## [What you should do]
Beginning with the line containing "Rani Moong Split" and ending with the line containing "Lotes de 5 piezas", write out each line of the records below exactly; pictures and lines outside that range are left out.
-------- Supplied material
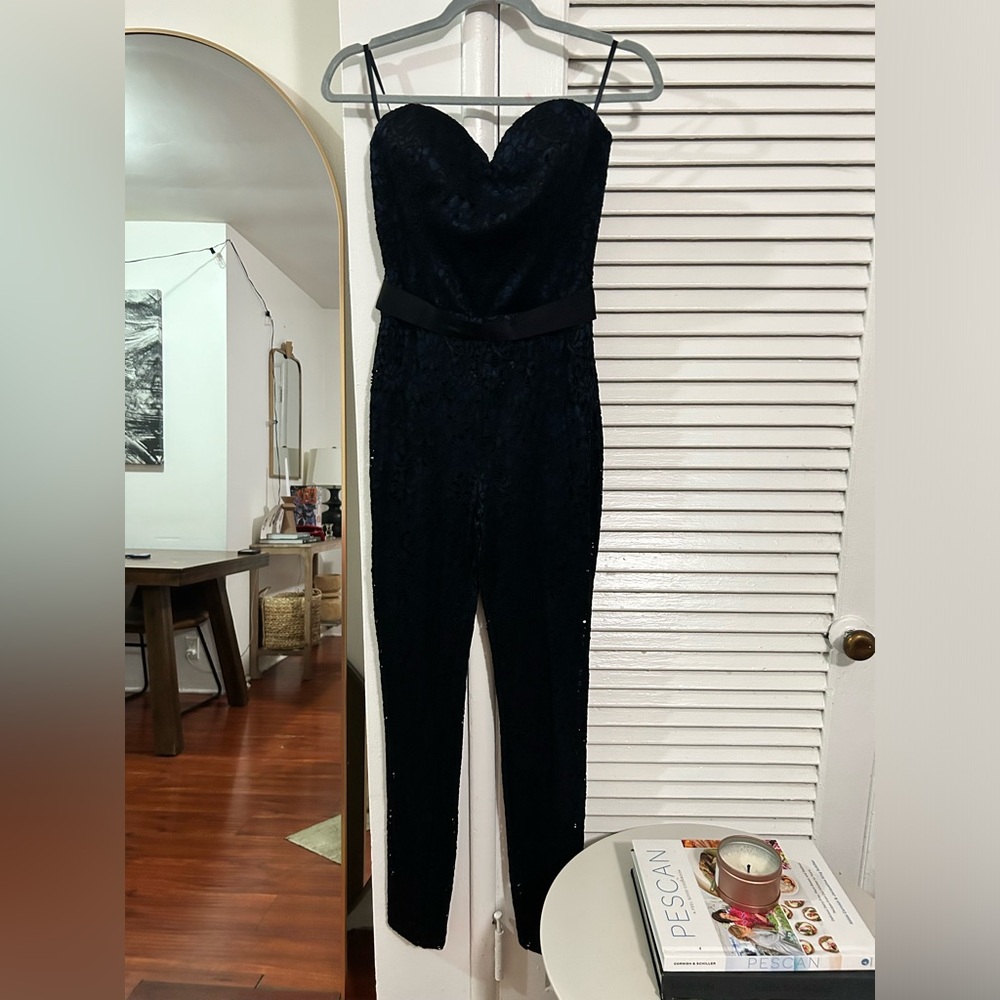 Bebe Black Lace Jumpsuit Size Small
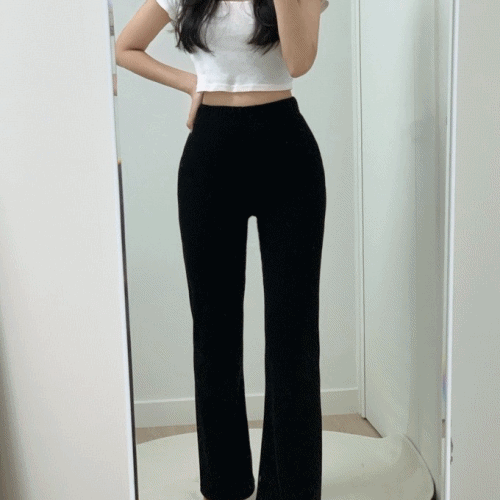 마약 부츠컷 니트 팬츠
----------------
-------- Supplied material
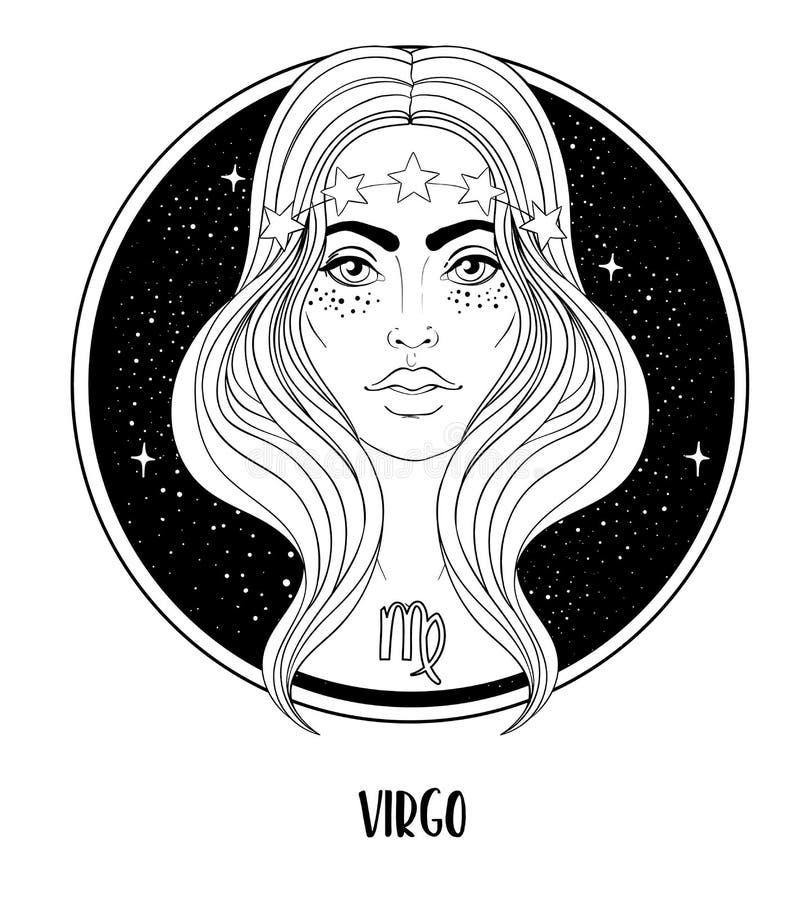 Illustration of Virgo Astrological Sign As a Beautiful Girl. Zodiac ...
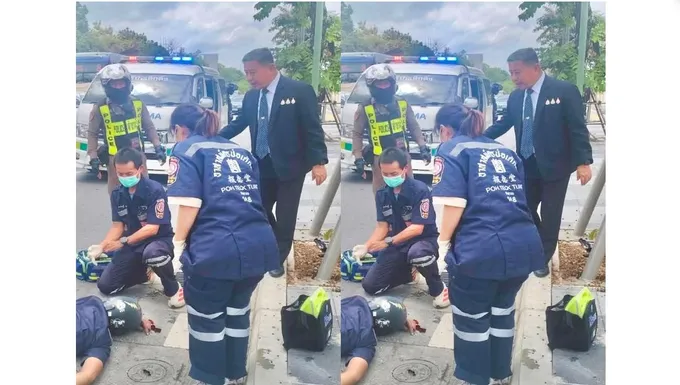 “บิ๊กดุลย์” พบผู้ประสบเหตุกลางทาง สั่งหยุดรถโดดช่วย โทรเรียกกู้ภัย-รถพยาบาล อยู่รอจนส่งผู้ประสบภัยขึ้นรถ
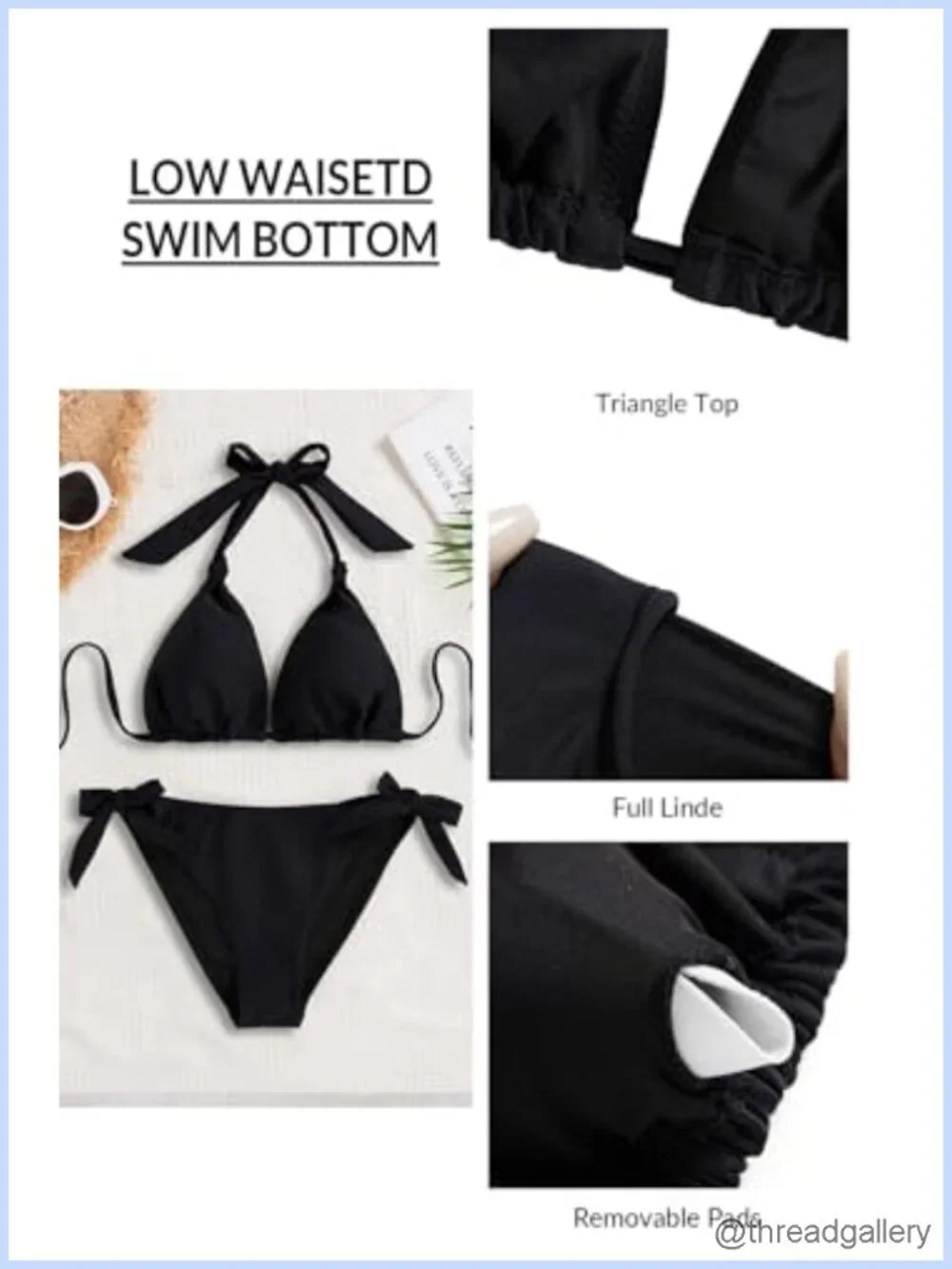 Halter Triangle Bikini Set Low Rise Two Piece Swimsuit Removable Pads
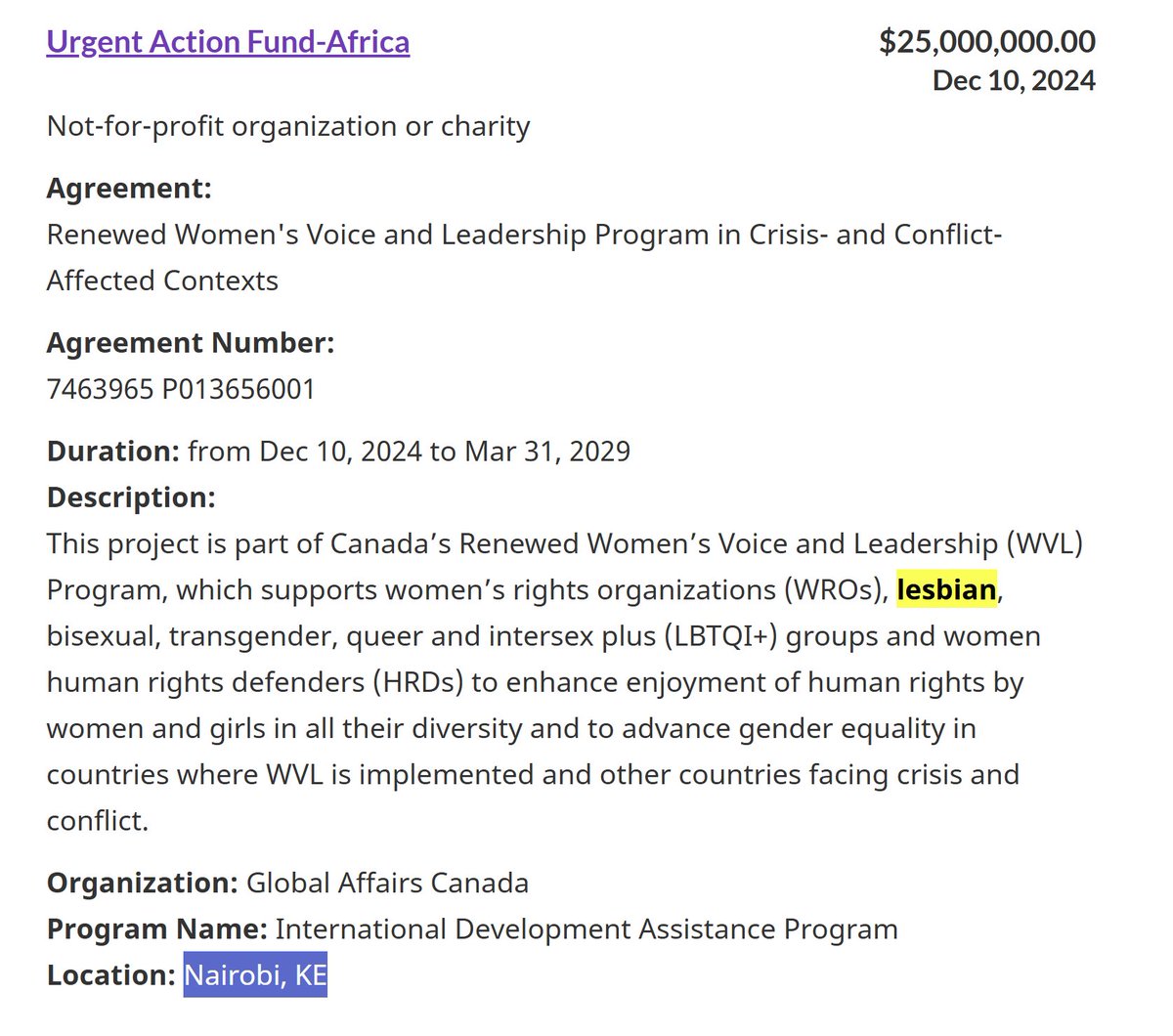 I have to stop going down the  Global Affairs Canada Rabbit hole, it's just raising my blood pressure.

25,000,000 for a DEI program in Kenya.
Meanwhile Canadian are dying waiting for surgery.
----------------
-------- Supplied material
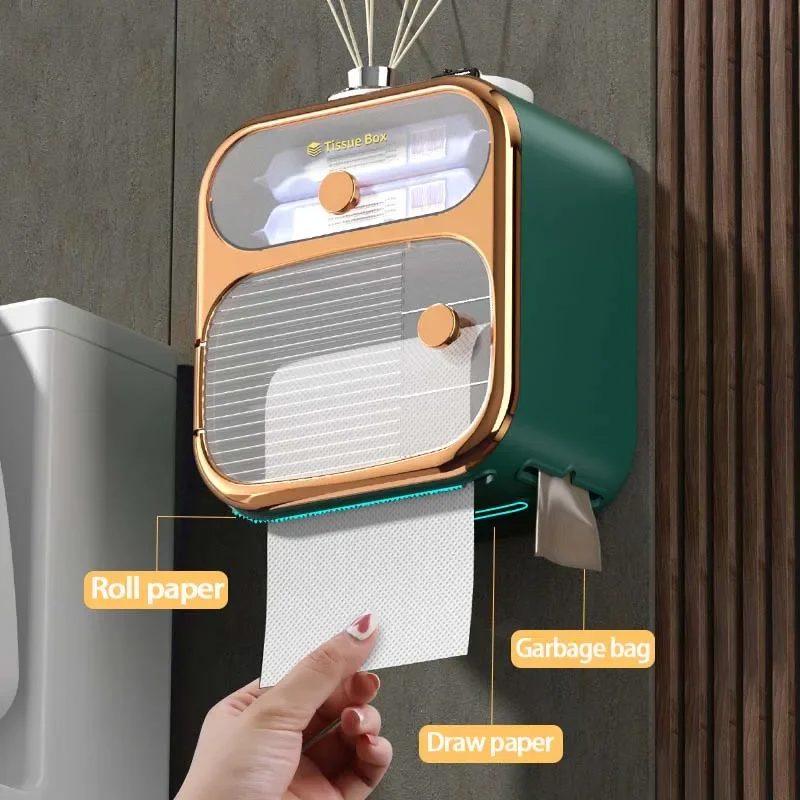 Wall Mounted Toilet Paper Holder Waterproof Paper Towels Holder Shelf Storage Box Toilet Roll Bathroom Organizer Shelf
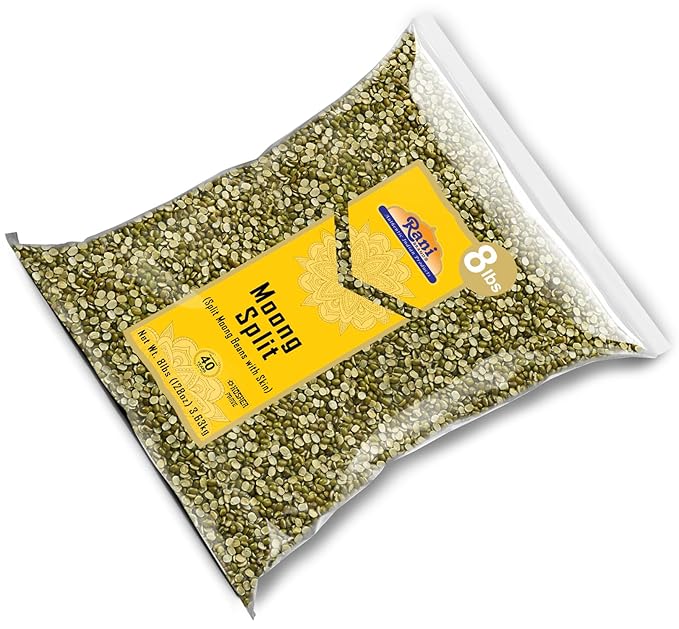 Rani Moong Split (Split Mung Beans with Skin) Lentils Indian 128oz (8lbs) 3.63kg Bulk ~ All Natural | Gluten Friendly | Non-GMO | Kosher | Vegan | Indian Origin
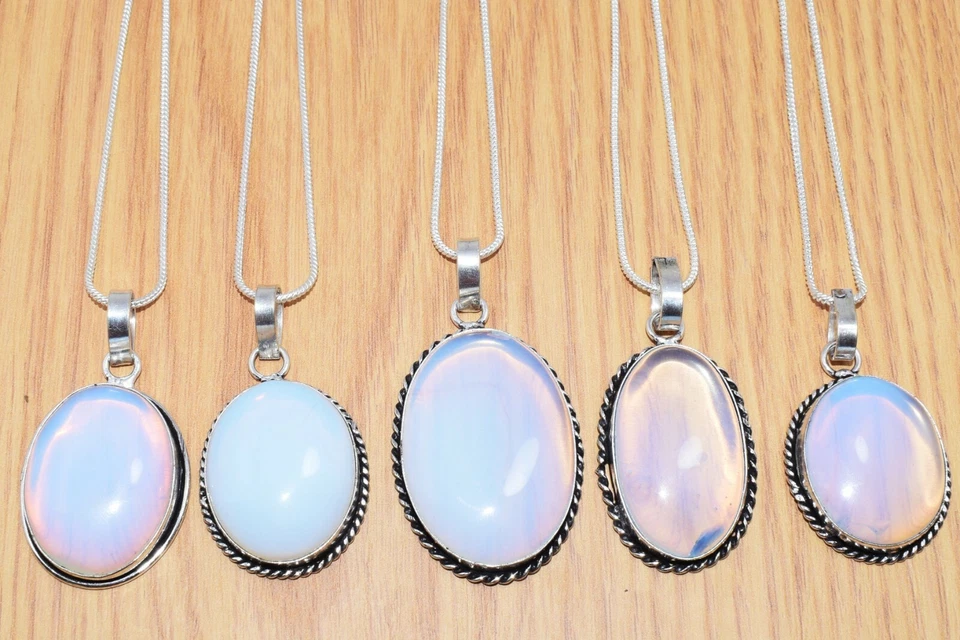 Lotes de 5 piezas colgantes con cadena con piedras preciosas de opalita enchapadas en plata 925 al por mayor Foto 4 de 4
----------------
## [Written answer]
 Rani Moong Split (Split Mung Beans with Skin) Lentils Indian 128oz (8lbs) 3.63kg Bulk ~ All Natural | Gluten Friendly | Non-GMO | Kosher | Vegan | Indian Origin
 Lotes de 5 piezas colgantes con cadena con piedras preciosas de opalita enchapadas en plata 925 al por mayor Foto 4 de 4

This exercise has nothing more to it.